Meaningful Pose-Based Sign Language Evaluation
Zifan Jiang, Colin Leong, Amit Moryossef, Anne Göhring, Annette Rios, Oliver Cory, Maksym Ivashechkin, Neha Tarigopula, Biao Zhang, Rico Sennrich, Sarah Ebling
TL;DR
This work addresses the challenge of meaningfully evaluating sign language output represented as human skeletal poses by systematically analyzing distance-based, embedding-based, and back-translation-based metrics. It proposes a unified evaluation framework and an open-source pose-evaluation toolkit, enabling reproducible comparisons across sign-language generation and translation systems. Through automatic meta-evaluation on sign retrieval and a large-scale human-correlation study across three sign languages, the authors find that carefully tuned distance-based metrics (notably DTW$p$ and nDTW$p$) and back-translation likelihood show strong agreement with human judgments, while embedding-based measures excel in sign-level tasks but lag at sentence-level translation. The work emphasizes the need for open pose-to-text models, standardized tooling, and future extensions to phrase-level evaluation, ultimately providing practical guidelines and resources to advance robust, reusable evaluation in sign language processing.
Abstract
We present a comprehensive study on meaningfully evaluating sign language utterances in the form of human skeletal poses. The study covers keypoint distance-based, embedding-based, and back-translation-based metrics.
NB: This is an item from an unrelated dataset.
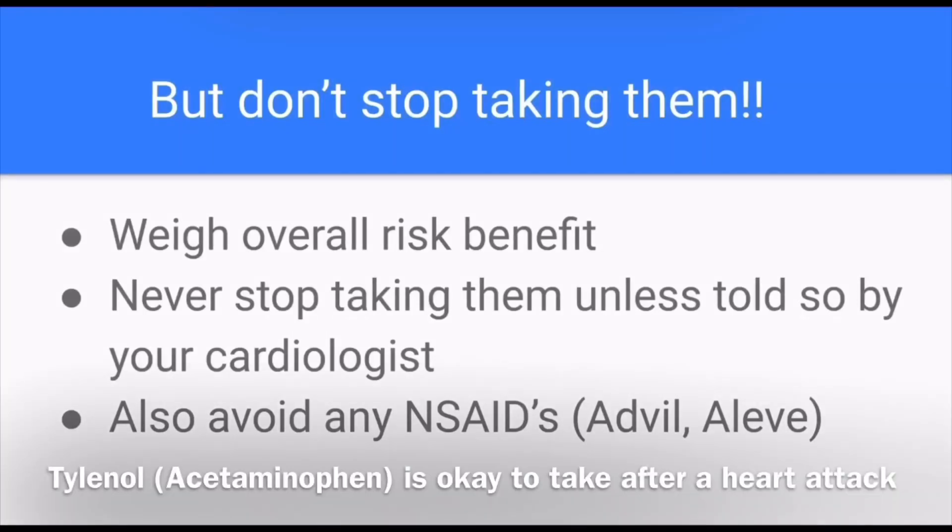After you have a stent placed or a heart attack, you should avoid all other NSAIDs, or non-steroidal anti-inflammatory drugs — medications like Advil or Motrin. If you're having minor aches, pains, or a headache and need something over the counter, opt for Tylenol first. I hope this video helped you better understand dual antiplatelet therapy, why you're on these medications, and why you should not stop them until you talk to your cardiologist. If your family ever asks why you're taking these medications, send them this video.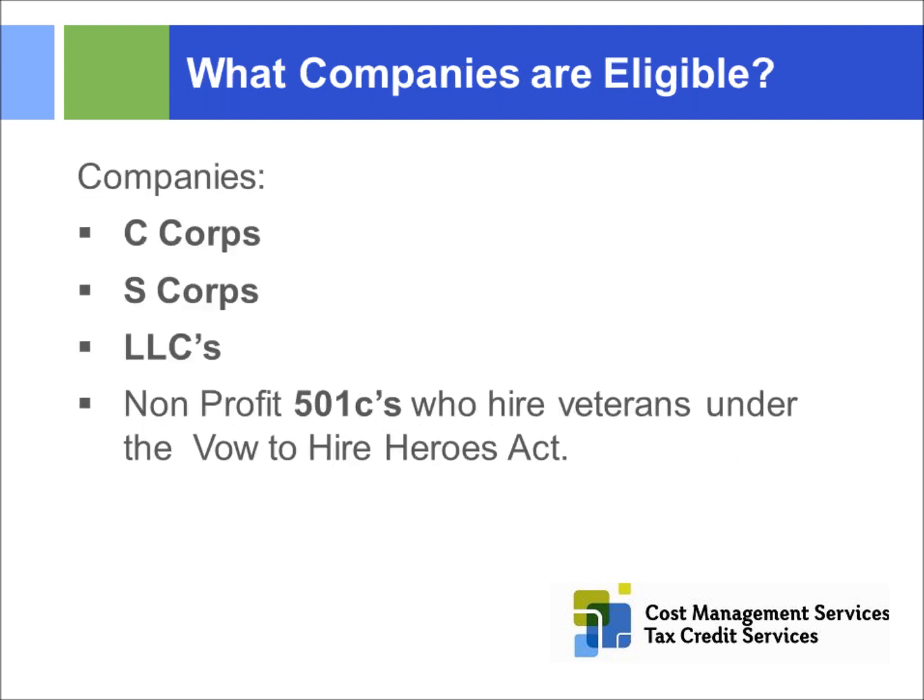What companies can take advantage of this program? Pretty much all businesses — C Corps, S Corps, and LLCs. For S Corps, tax credits go back to the partnership; for LLCs, they go to the personal return. Nonprofits and municipalities don't pay federal corporate taxes, so they're not eligible — except if a nonprofit is hiring military personnel under the Vow to Hire Heroes program, in which case they can get a tax credit on their 941s.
We show tradeoffs between different metrics in different scenarios through automatic meta-evaluation of sign-level retrieval and a human correlation study of text-to-pose translation across different sign languages. Our findings and the open-source pose-evaluation toolkit provide a practical and reproducible way of developing and evaluating sign language translation or generation systems.